I am writing to formally thank you for my invitation to your wonderful soiree yesterday afternoon. (Had I known it was to go on well into the 'wee' hours, I would have slipped into something a little more comfortable - than my best sprigged muslin with those awful tight 'stays'!! However, as the night progressed, and I stayed 'stayed', I hardly noticed I could barely breathe!)
Your extraordinary gregarious welcome to your humble little establishment was - unexpected, my dear, but - much appreciated!! Without meaning to be unkind though, I do wish you could change your 'au de toilette', ma'am!! (It bore a striking resenblance to Simon Girty after a night in yore corn crib with his 'jug'!!) May I suggest you purchase a little 'Soir de Mohicanland' from 'he-who-shall-not-be-named' at the Trading Post? I agree he *can* be a rogue, ma'am, but we 'professional' ladies do know how to strike a bargain, do we not?
Now, Miss Marcia, I have to agree without a doubt, those Tea-Keela things were mighty fine! (Uuuuuuurrrrp! Oh I do beg your pardon!!! Just a little bilious, I think!) However, as I am not really accustomed to this 'sippin' the liquor' as you colonials call it, I felt that I really had to draw the line after the ... oooooh, ninth or tenth (Just *can't remember!! Can't remember *much* about last night, truth to tell!) I hope you will not take offence, ma'am, but I really am much more partial to that wonderful lemonade that you pride yourself on making - what do you call it? Mint ...dewlap! That's it!! So, I just helped myself to that, the rest of the night - my, that goes down a treat, that does!! (Uuuuuuuurp! I *really* must get some of Miss Sassy's Gregarious Gut Potion!!)
But, much as I do enjoy a good party, ma'am - I do have to stick my neck out here!! Sorry...!! I do have to say! I do not - and I emphasise here - I *do not* go with 'animal-baiting' in the name of entertainment!! Could you not have set up a 'jug band' (I believe Simon Girty's your man for that!!) or some such? What was done to that dog goes beyond entertainment! I do believe Miss Gaylee has seen the last of that kitten, too, the way it was hanging on to that dog's pelt for deal life!!
Talking of which, I had that scurvy Girty poking around my back stoop very early this morning (oooooooo, the sun *does* hurt your eyes, first thing, doesn't it!!) He had what he described as 'painter pelts', whatever *they* may be, to trade for another of my quilts!! NO WAY, JOSE!! I may be new to the Colony but I know an untanned hide when I see one!! It takes more than a couple of freshly killed hides to get into *my* bedding!!!
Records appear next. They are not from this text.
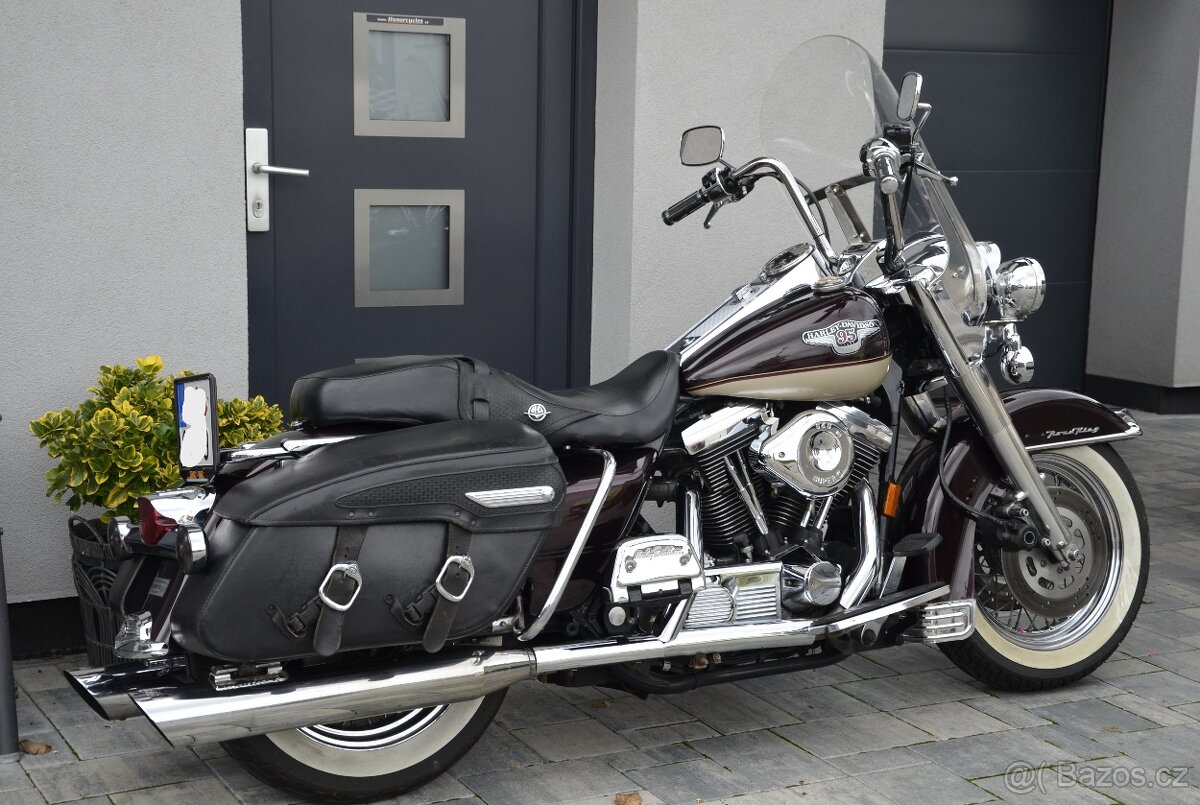 Harley Davidson Road King Classic 95 th. Anniversary - 4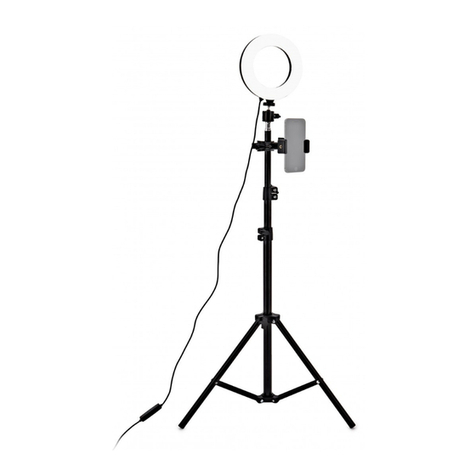 Gear4music G4M-LED-KIT User manual
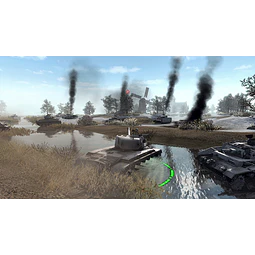 MEN OF WAR: ASSAULT SQUAD 2 - IRON FIST STEAM KEY GLOBAL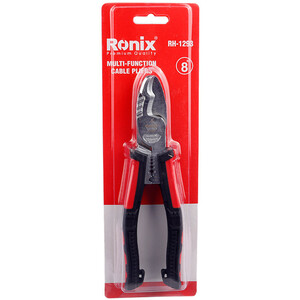 انبر سیم چین رونیکس &quot;Ronix RH-1293 8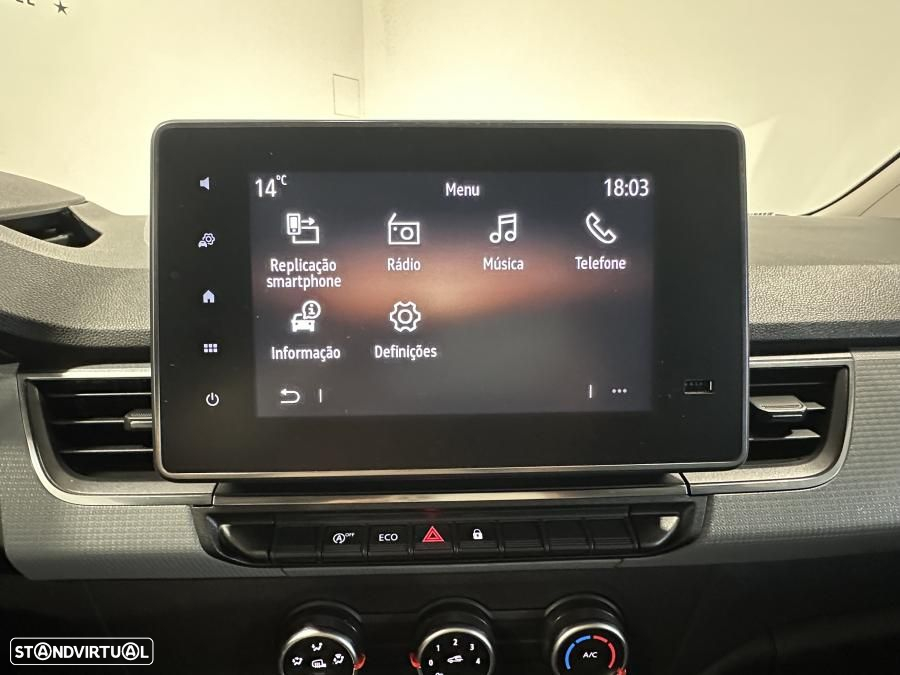 Renault Kangoo Edition One 1.5 blue dci - 17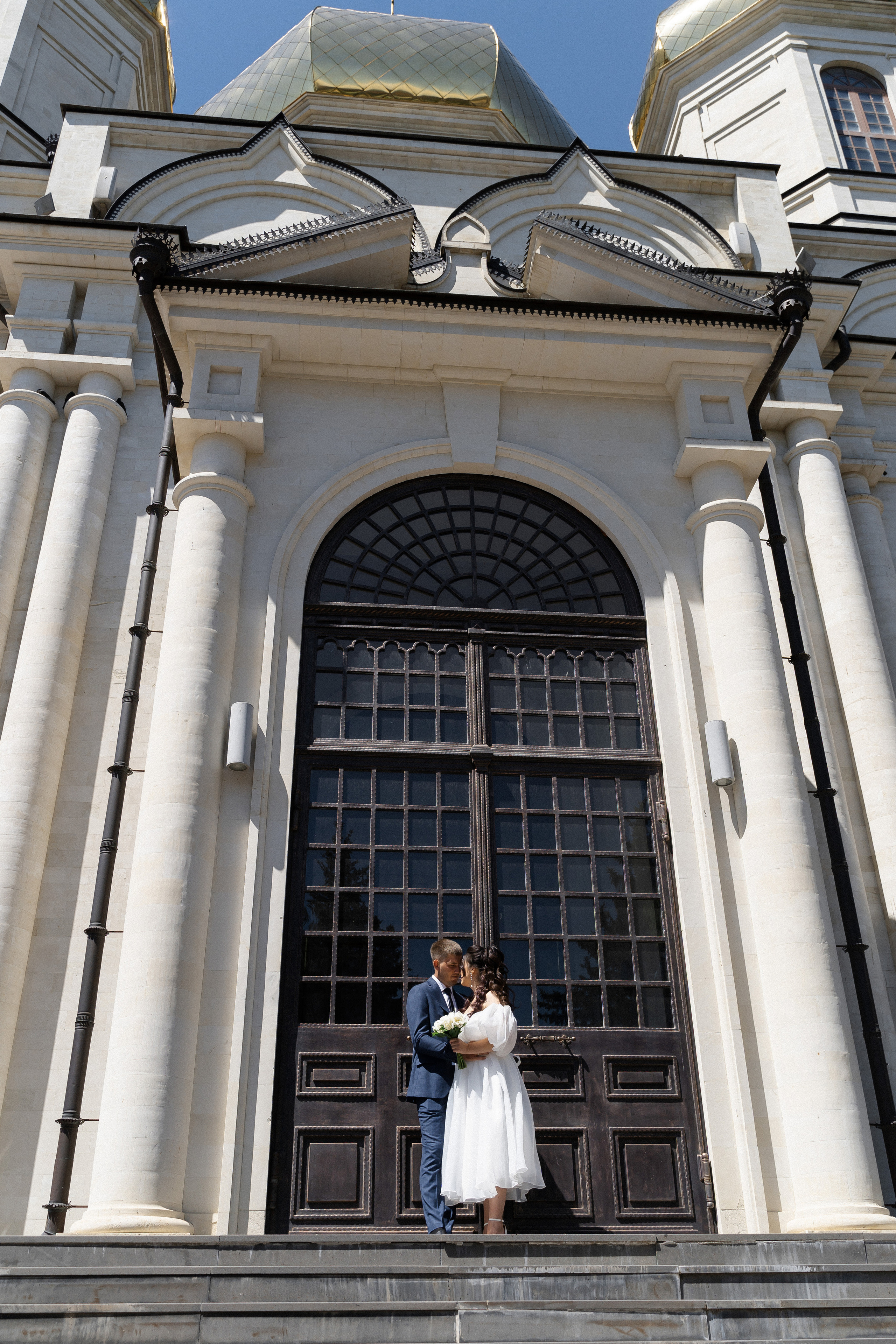 Максим и Дарья. Фотограф Ларионова Надежда|Ставрополь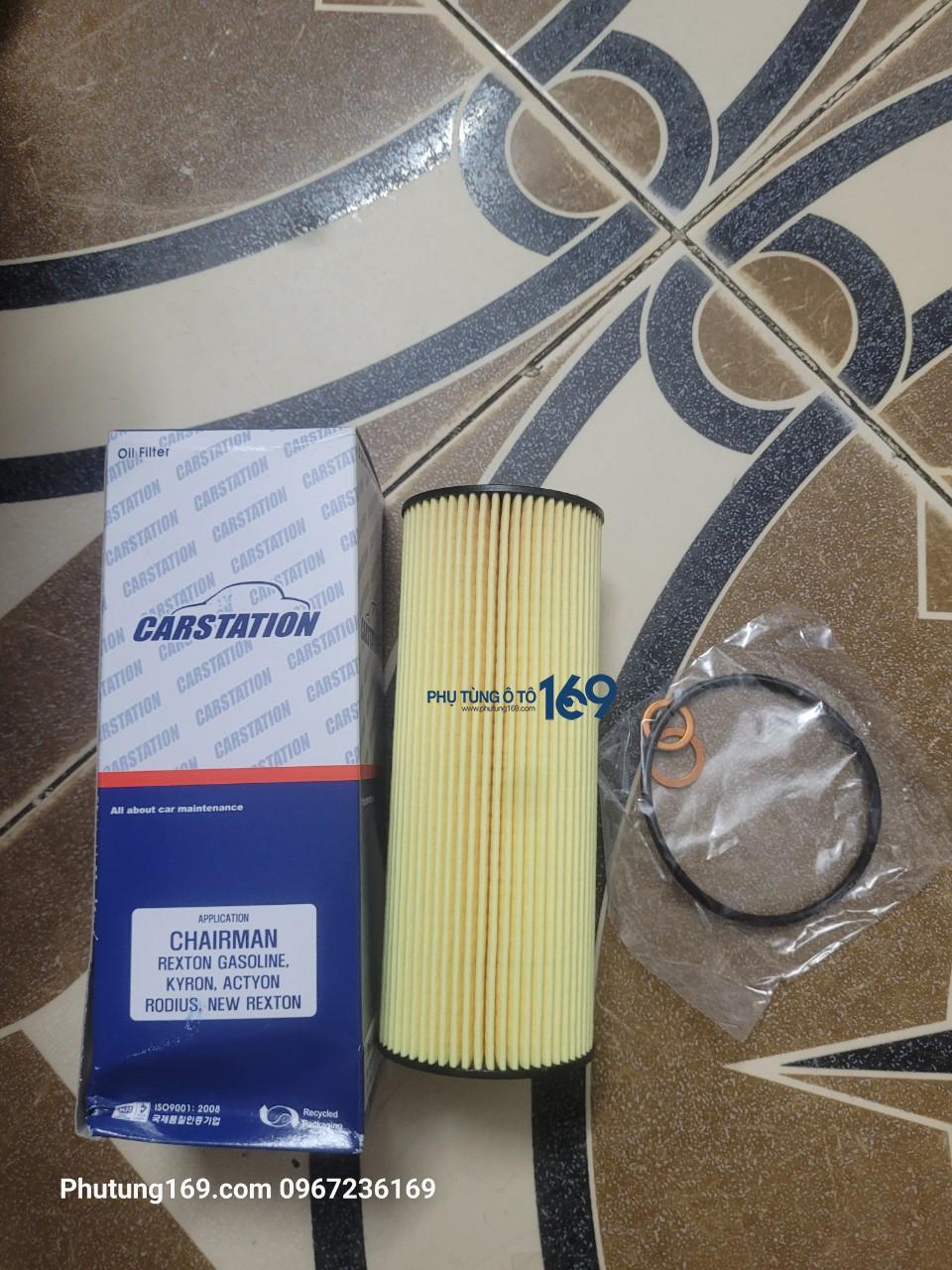 Lọc dầu Stavic Lọc dầu Stavic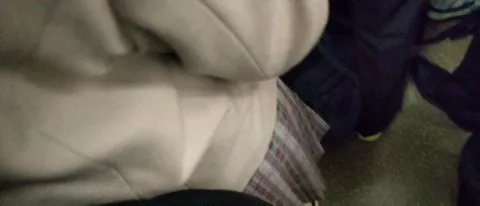 Chikan Seifuku – K0202 Threesome in Elevator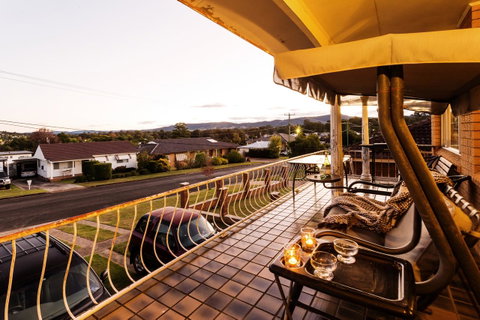 Coal D\' Vine VIEW - Cessnock NSW - Northern Rivers Accommodation 24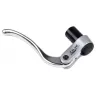 Paire de leviers triathlon TEKTRO RX4.1 silver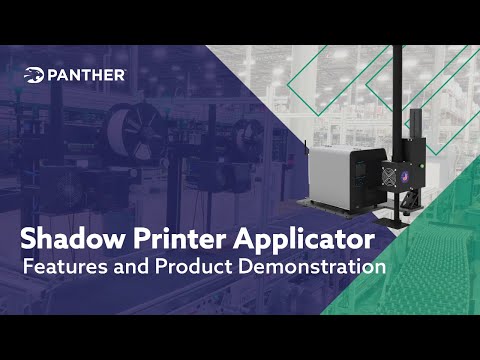 Shadow Tabletop Printer Applicator thumbnail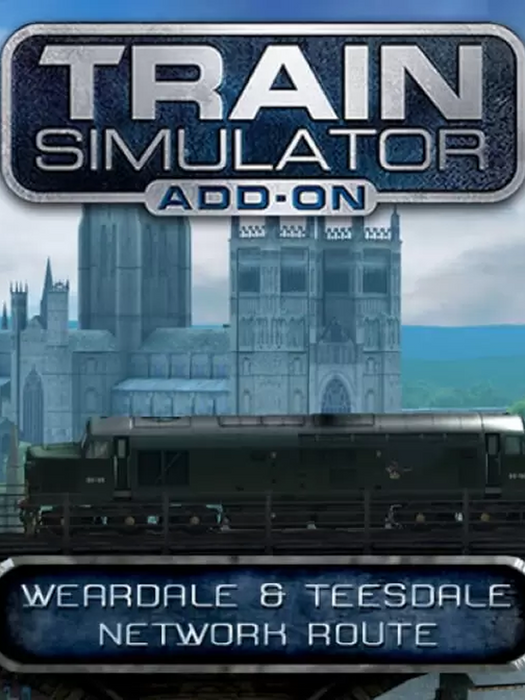 Train Simulator 2017 - Weardale & Teesdale Network Route Add-On DLC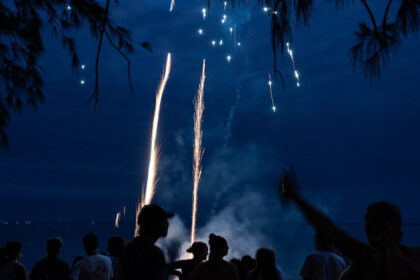 Stories About Wonder, Fireworks and Vegemite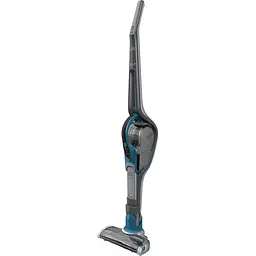 Пилосос Black+Decker Smart Tech SVJ520BFS сіро-синій - мініатюра 2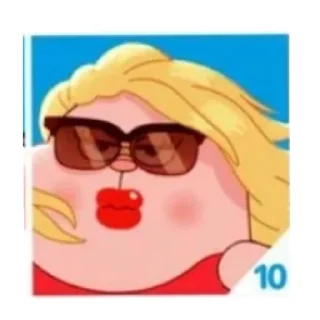💃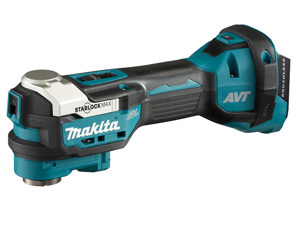 Máy cắt rung đa năng dùng pin 18V Makita DTM52Z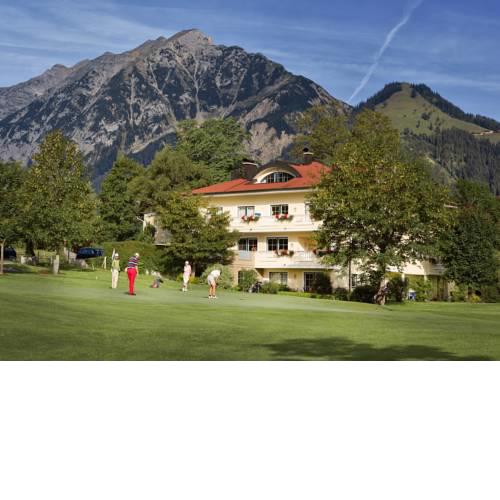 Appartementhaus Tristenau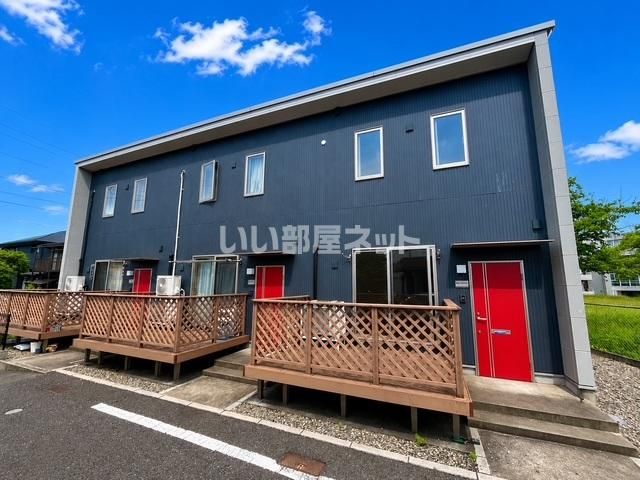 REMALE東明野の外観画像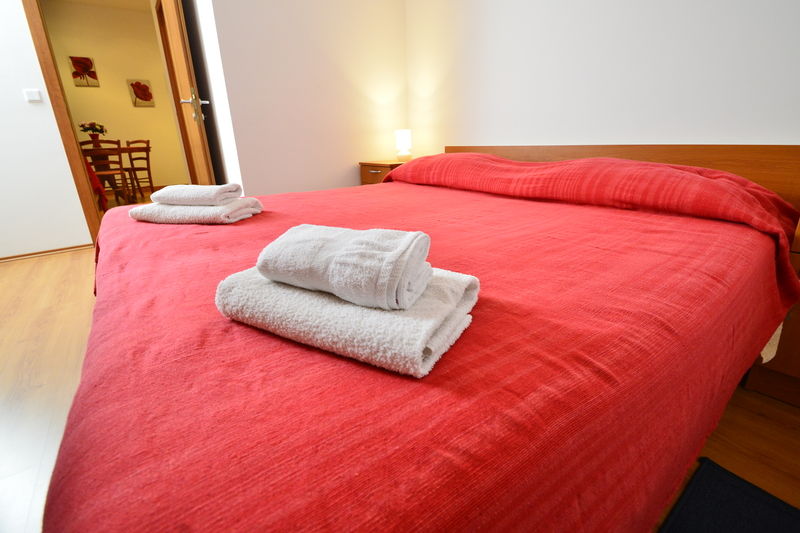 Apartments Mondo Mokošica Eksteriør billede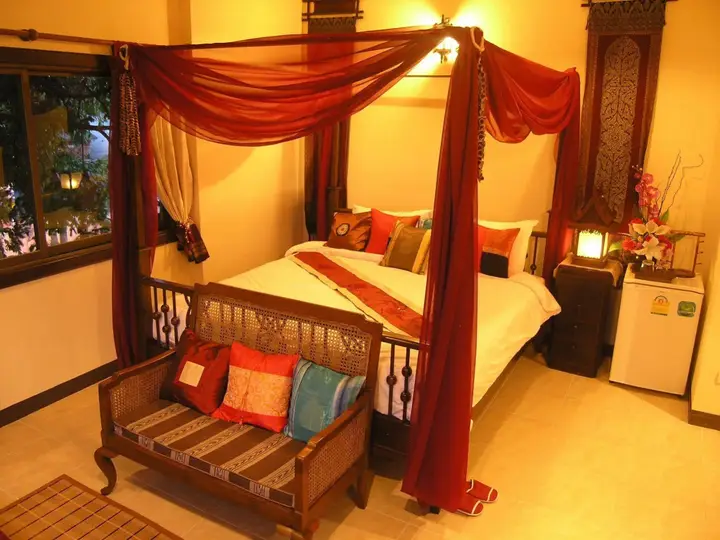 Чиангмай: Baan Thong Luang Boutique Hotel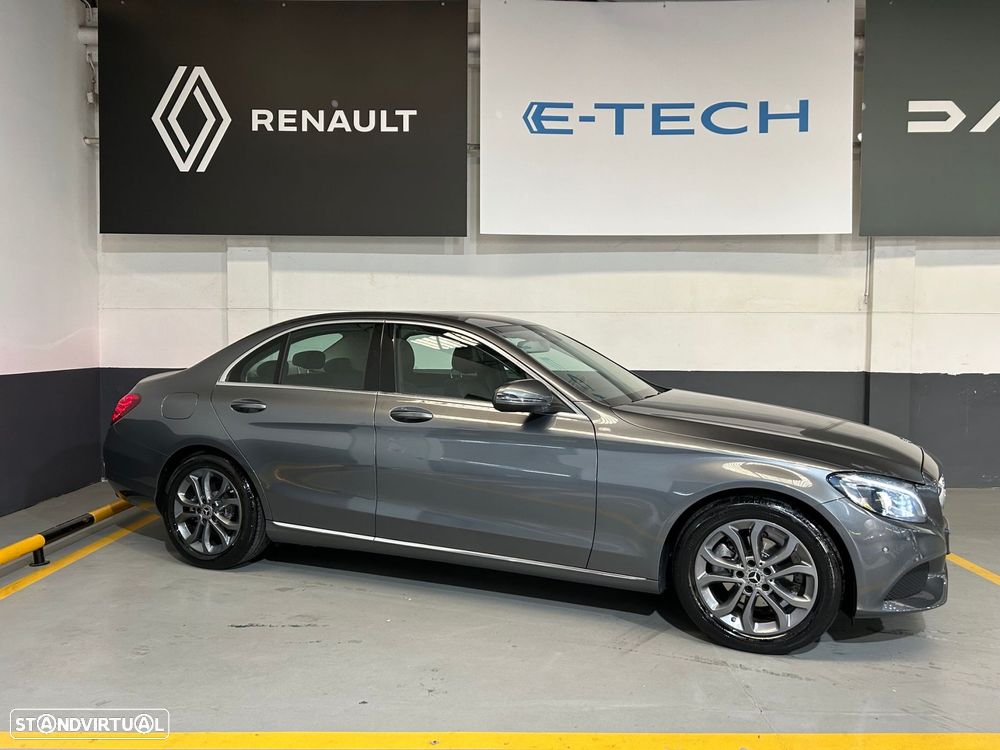 Mercedes-Benz C 200 BlueTEC Avantgarde - 1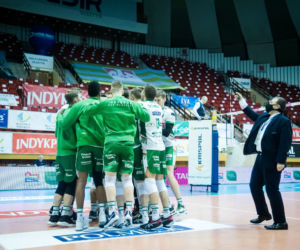 Indykpol AZS Olsztyn -  Stal Nysa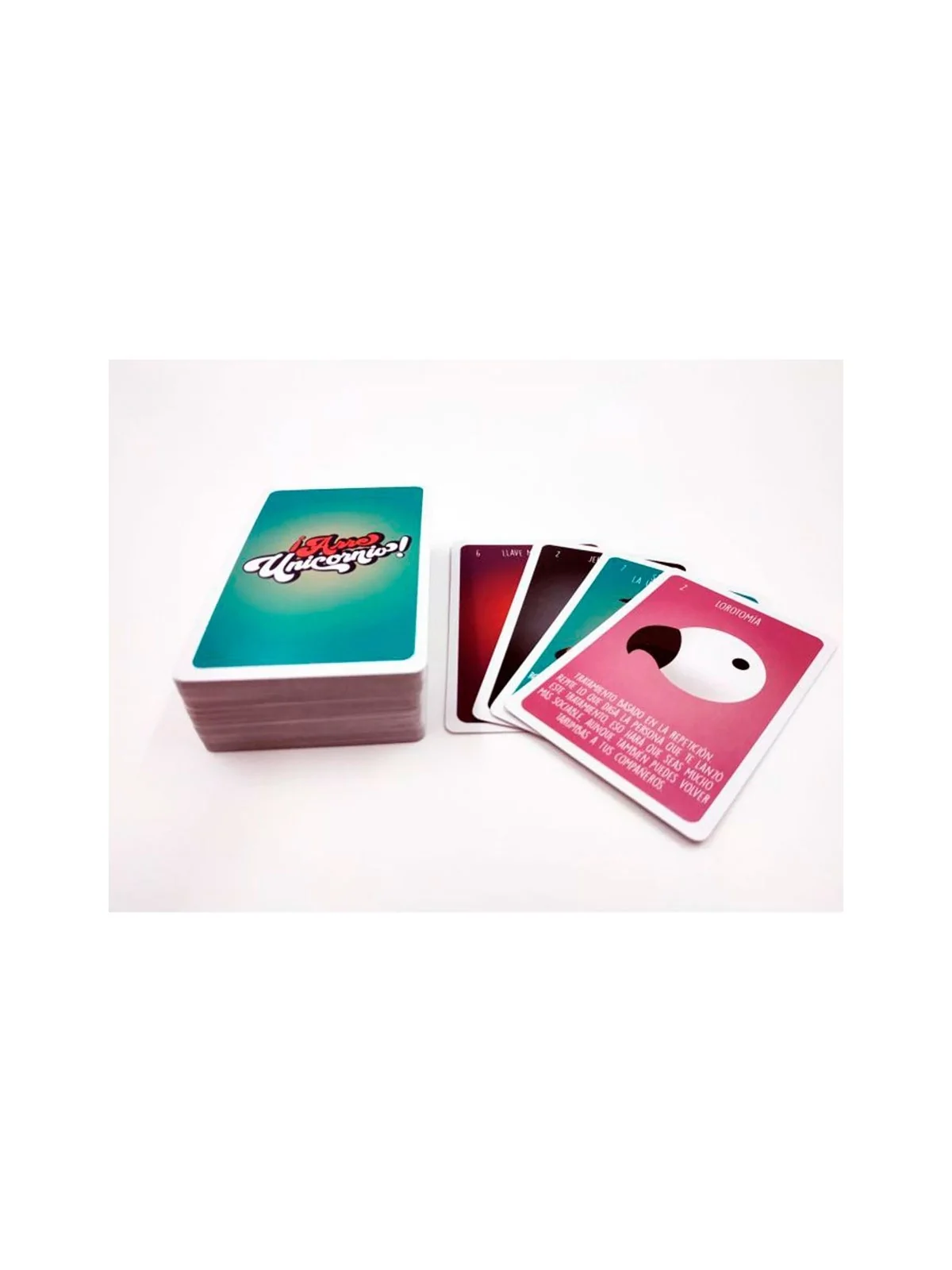Arre Unicornio de Zacatrus en Juegos de Cartas | La Cueva Roja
By the way, Miss MMMMarcia, is it just my imagination - or is that Miss Alice Monro not a strange girl!! Why, when I spoke to her, she never even had the courtesy to fasten her eyes on my face! Looked blankly round as if she had never been in your back parlour before!! I do wonder sometimes if that girl isn't one sandwich short of a picnic!! However, much as I can't figger ou... (beg pardon!) *figure* out what that nice Mr. Uncas sees in her, I have to admit I was slighly dismayed when her escort arrived for her!! There was just something about that 'guide' I didn't like!! Perhaps that is being too unkind - there was just something about him that I felt I couldn't trust!! Quite frankly, his eyes are too close together for my liking, Miss!! However, if he's Miss Alice's father's choice of escort, who are we to dissuade her from going with him (actually, I do hear tell that Magua is very dear to Col. Monro's heart! But we'll say no more about *that*!!)
Well, Miss Marcia, I must once again say 'thank you' for the wonderful soiree!! Now - I really *must* go and lie down!! I have *the most dreadful headache*!!! I do believe it is this muggy, humid weather, which I am not used to, being of good European breeding, dontcha know!!
Yours most *very* delicately,
(I do wish that Towne Cryer would not *shout* so!!)
Miss Katie (of Miss Katie's Quilt Shoppe - just a wee plug!)